# Stupid question 300amp Diode



## rmay635703 (Oct 23, 2008)

I need a 24v + diode that can handle 300amps, given the crap I have gotten in the mail I am uncertain what source to get such a bugger from.

Any recommendations on a brand/source that will actually work? I know of various 60ampish bridges but haven't located an inexpensive solution in a higher amperage range

If your wondering what its for its to block a lithium and lead pack from each other, I've got the voltages matched up nicely so the lithium can't bottom unless I overdischarge the lead.

Cheers
Ryan


----------



## kennybobby (Aug 10, 2012)

How about a gated diode like an SCR ? A schematic is worth a thousand pictures...


----------



## PStechPaul (May 1, 2012)

Here is a 300A 60V diode pair for about $40:
http://www.mouser.com/ProductDetail...=sGAEpiMZZMutXGli8Ay4kMI5P2t23muv6TUQFjZR6EQ=

You might do even better with MOSFETs.

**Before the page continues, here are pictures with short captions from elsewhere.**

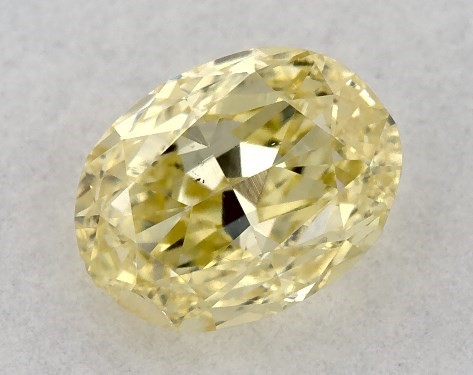 GIA 0.43 Carat Fancy Yellow-SI2 Oval Cut Diamond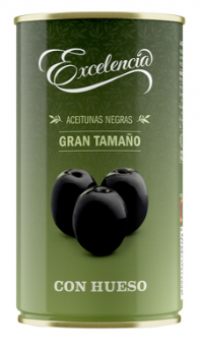 Schwarze Oliven mit Kern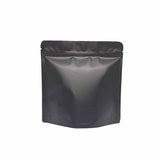 Black square shape stand up pouch with zip lock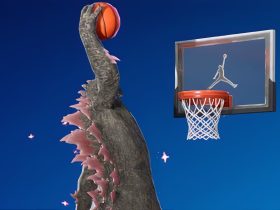 Fortnite Chapter 6’s Godzilla Brings The Dunking Meme To Life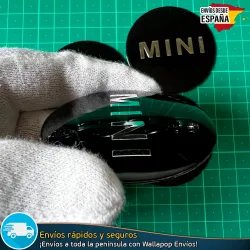 X4 Emblemas Mini Cooper Negro 56mm Pegatinas Tapacubos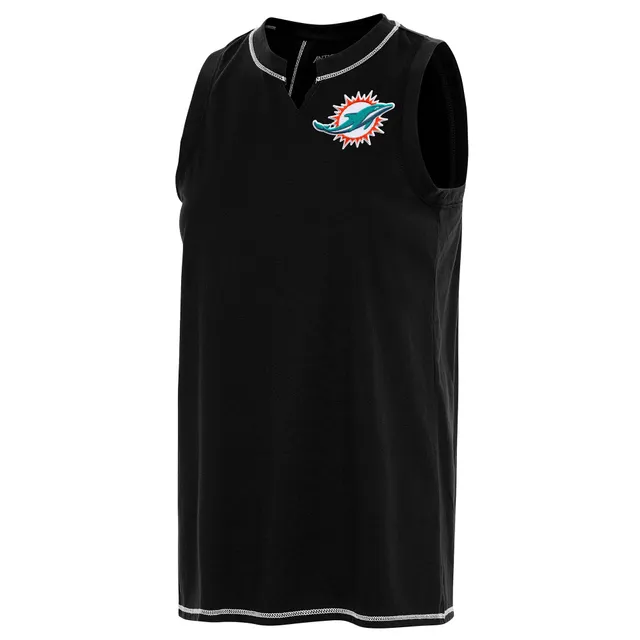 Lids Miami Dolphins New Era Women's Space Dye Tie-Back Tank Top - Aqua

Here is a 300A 60V device for about $2.66 each in quantity 10:
http://www.mouser.com/ProductDetail...=sGAEpiMZZMshyDBzk1/Wi6rYPvSui93I15hBu/C0rfY=

It will probably take several in parallel to carry the full 300A. The body diode will have a drop of about 1 volt so 100 amps will be about 100 watts will take a good heatsink. If you switch it on, it has 1.9 mOhms so 100 amps will drop about 200 mV and only dissipate about 20 watts.


----------



## rmay635703 (Oct 23, 2008)

PStechPaul said:


> Here is a 300A 60V diode pair for about $40:
> http://www.mouser.com/ProductDetail...=sGAEpiMZZMutXGli8Ay4kMI5P2t23muv6TUQFjZR6EQ=
> 
> It will probably take several in parallel to carry the full 300A. The body diode will have a drop of about 1 volt so 100 amps will be about 100 watts will take a good heatsink. If you switch it on, it has 1.9 mOhms so 100 amps will drop about 200 mV and only dissipate about 20 watts.


Hmm, I didn't realize all diodes had 1v drop, I figured a low volt unit would be less, also at what duty cycle is that diode "300amps", many things I have got will only allow a peak about half of their rating and steady at even less.

Hmm, how would I peg an SCR or mosfet full on without any significant circuitry?

Add a duty cycle and I could delimit the output from one battery or another, interesting, could make a poor mans charger that way.

Anyway, If its real easy that would make for a nice electronic F/R, I would use a contactor to go forward and SCR to go reverse


----------



## Siwastaja (Aug 1, 2012)

Low voltage diodes indeed have less drop than high voltage diodes, but that 0.3V drop cited for schottky is still for practically zero current.

Diodes do NOT have a constant voltage drop as often stated, it depends on current. It's just logarithmic instead of linear as with resistors. So at 300 amperes, you practically cannot get the the drop below 1 volt. What you can do is to oversize the diode or parallel multiple units to reduce the voltage drop but this way has diminishing returns. 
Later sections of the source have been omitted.